Oh boy, have I changed in my thinking ....but I'm still learning too. Always new information coming on board building and changing what I already think I know.


----------



## GoldenJoyx'stwo (Feb 25, 2007)

I think the most education I received on any forum regarding Goldens, was on Golden Dogs Online. I learn something new here everyday too, but I was a new Golden owner in 2002 or 2003, and they taught me some invaluable lessons that have stuck with me forever.


----------



## Oaklys Dad (Dec 28, 2005)

I don't see your poll but will say I have changed lots in my golden thinking. It is s a great place to get advice and learn.


----------



## TiffanyK (Mar 3, 2008)

I'm on a slow dial up and I think my post showed before I could fill in the poll questions : Hope the choices are clear enough and offer the range I was looking for. First poll I've posted here though.

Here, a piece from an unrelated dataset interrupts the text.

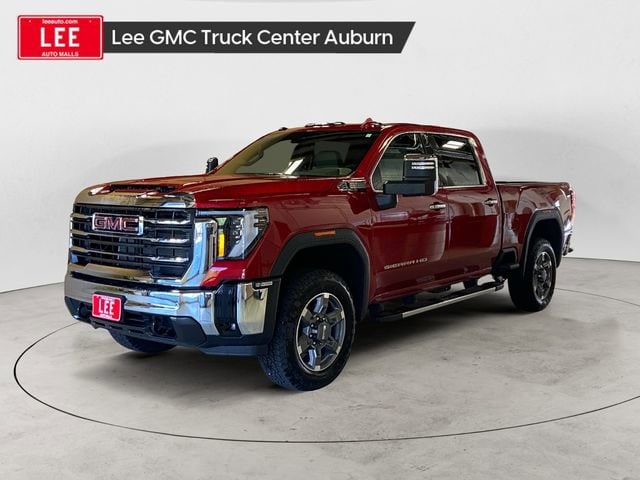2026 GMC Sierra 2500HD SLT's photo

I voted 100% changed and will do it different next time. That is... if I do add to our golden family and I think I will be happy to one day. Time will tell.

Tiffany


----------



## lgnutah (Feb 26, 2007)

I started learning at Chat Goldens, then here. 

Food-would have fed whatever grocery store dog food has nice pictures on the sack, wouldn't have known about corn being bad, would have given him our steak bones etc
Training-wouldn't have known to go to obedience classes, wouldn't have known what made a good teacher/class
Health-would have been clueless

and lastly

Breeding-would have thought breeding my dog was a good idea because he's good looking and I really love him. Would have had no idea about health clearances and how incredibly much work goes into a good breeding program.

Whew! Thank goodness I joined!


----------



## TiffanyK (Mar 3, 2008)

lgnutah said:


> Food-would have fed whatever grocery store dog food has nice pictures on the sack, wouldn't have known about corn being bad, would have given him our steak bones etc
> Training-wouldn't have known to go to obedience classes, wouldn't have known what made a good teacher/class
> Health-would have been clueless
> 
> ...


Me too - :

Tiffany


----------



## MisterBailey (Jun 28, 2007)

I was a lot less educated than I am now, but I don't have any regrets. I did alot of research before getting Bailey, but have still learnt heaps from here. My opinions are quite different now after hearing each side of various arguments. The biggest thing it changed for me was not getting Bailey neutered at 6 months old. I'm so glad I didn't take one word for it and instead found out the pros and cons for both sides to make a better informed decision.

I think that having now done the puppy thing once, a second dog would be slightly different to Bailey in some ways knowing what I know now about some stuff.


----------



## Taz Monkey (Feb 25, 2007)

I stumbled upon GRF just a year ago, and haver owned dogs on my own for about 5. I do learn new things everyday, but I was pretty confident in my knowledge before I came here. I do enjoy hearing stories and looking at pictures though!


----------



## BeauShel (May 20, 2007)

I have changed all of my thinking. Being more knowledgable in picking a breeder, food, getting more involved in rescue and helping people to be educated about the proper food and care of dogs. And love making so many new friends.


----------



## TheHooch (May 9, 2007)

i had to go with the already educated but I still learn things nearly everyday here.


----------